▸ **Task item**: In the data below, find the line containing "IMG_5434-scaled" and the line containing "of Fiji Large", then reproduce them and every line between, exactly. Omit pictures.

▸ **Data listing**:
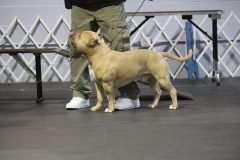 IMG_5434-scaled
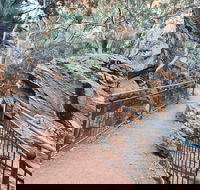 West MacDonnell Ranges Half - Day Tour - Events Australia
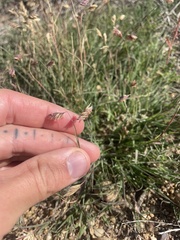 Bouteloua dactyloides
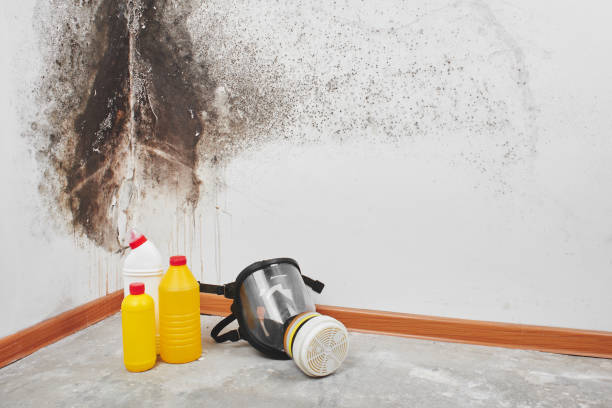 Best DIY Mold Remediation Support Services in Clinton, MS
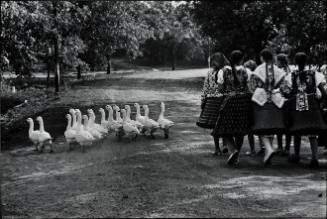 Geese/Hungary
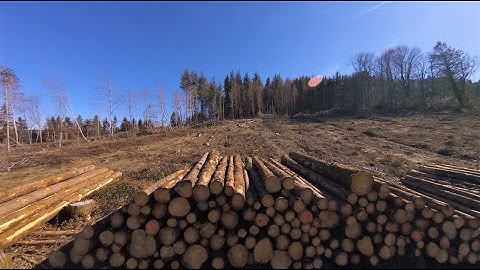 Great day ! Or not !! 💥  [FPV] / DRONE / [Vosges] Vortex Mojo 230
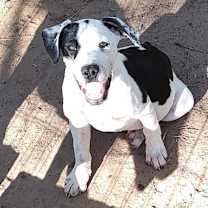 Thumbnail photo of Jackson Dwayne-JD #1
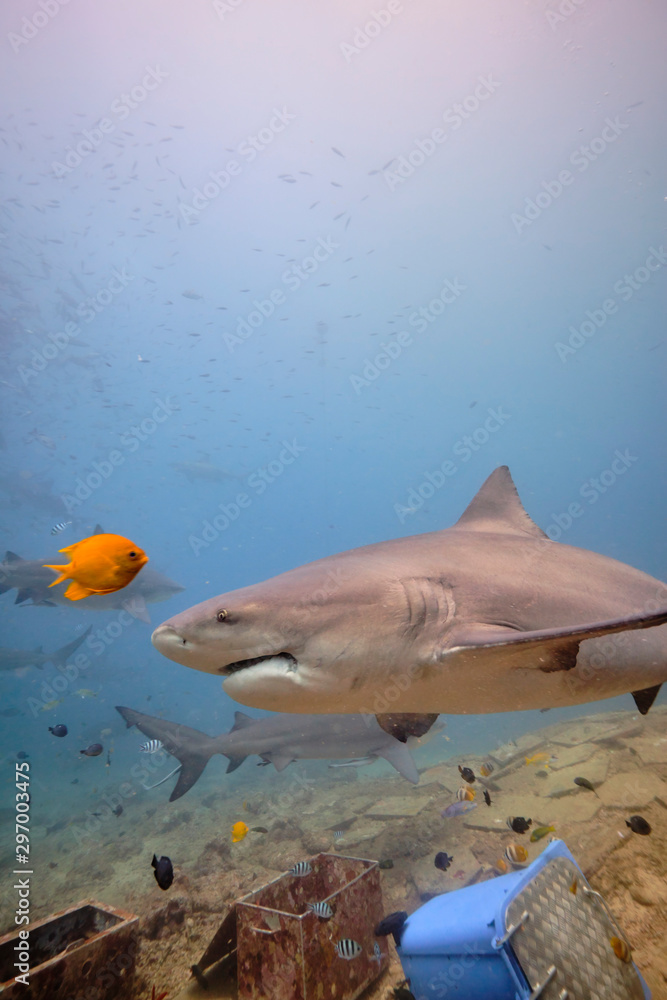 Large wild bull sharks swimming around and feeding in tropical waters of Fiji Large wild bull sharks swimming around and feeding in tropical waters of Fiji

---

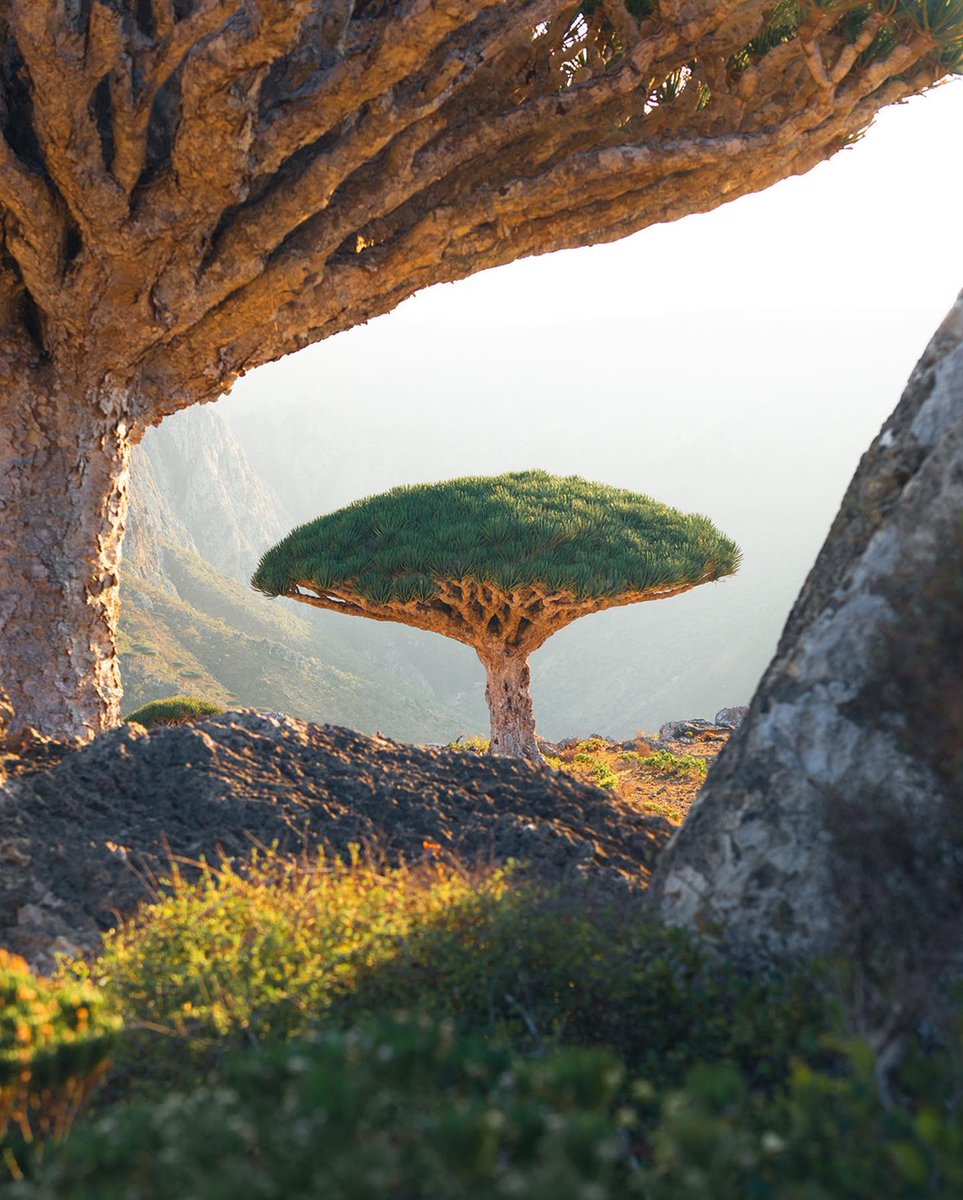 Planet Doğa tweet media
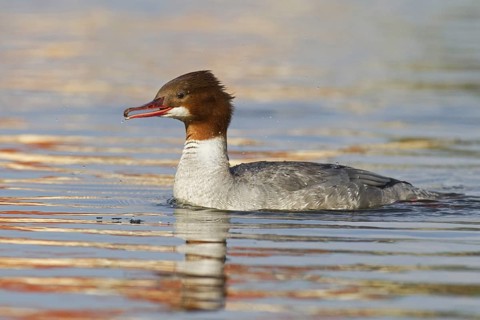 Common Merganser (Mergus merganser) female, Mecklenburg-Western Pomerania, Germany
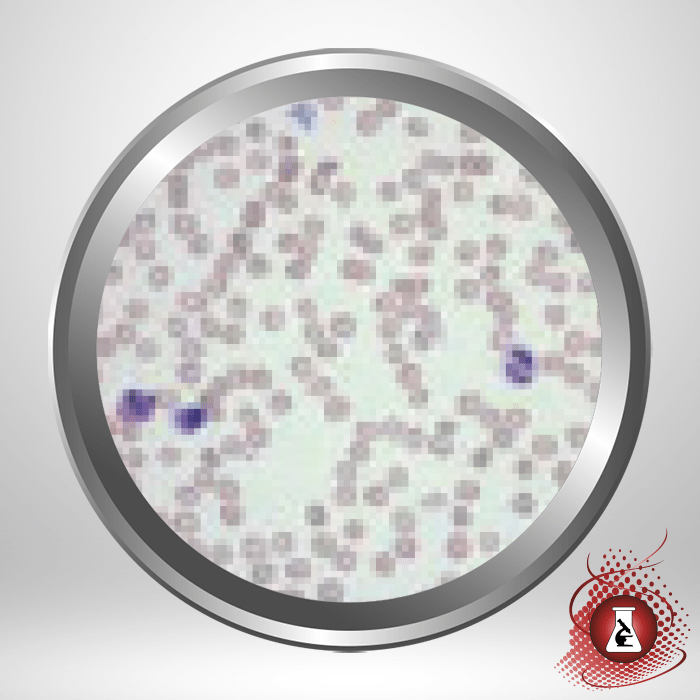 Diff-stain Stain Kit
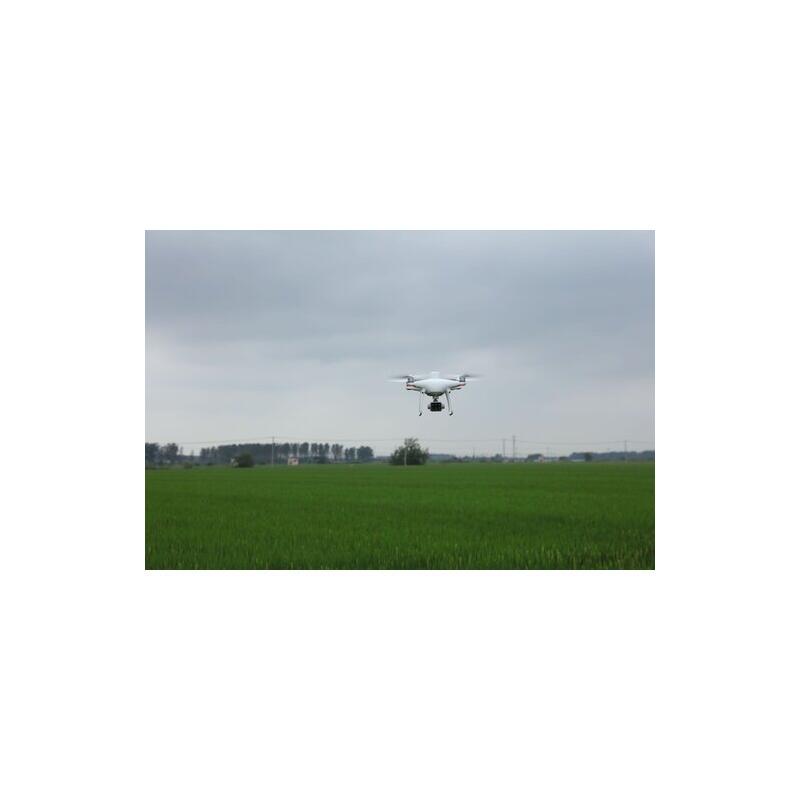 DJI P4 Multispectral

▸ **Your solution**:
 IMG_5434-scaled
 West MacDonnell Ranges Half - Day Tour - Events Australia
 Bouteloua dactyloides
 Best DIY Mold Remediation Support Services in Clinton, MS
 Geese/Hungary
 Great day ! Or not !! 💥  [FPV] / DRONE / [Vosges] Vortex Mojo 230
 Thumbnail photo of Jackson Dwayne-JD #1
 Large wild bull sharks swimming around and feeding in tropical waters of Fiji Large wild bull sharks swimming around and feeding in tropical waters of Fiji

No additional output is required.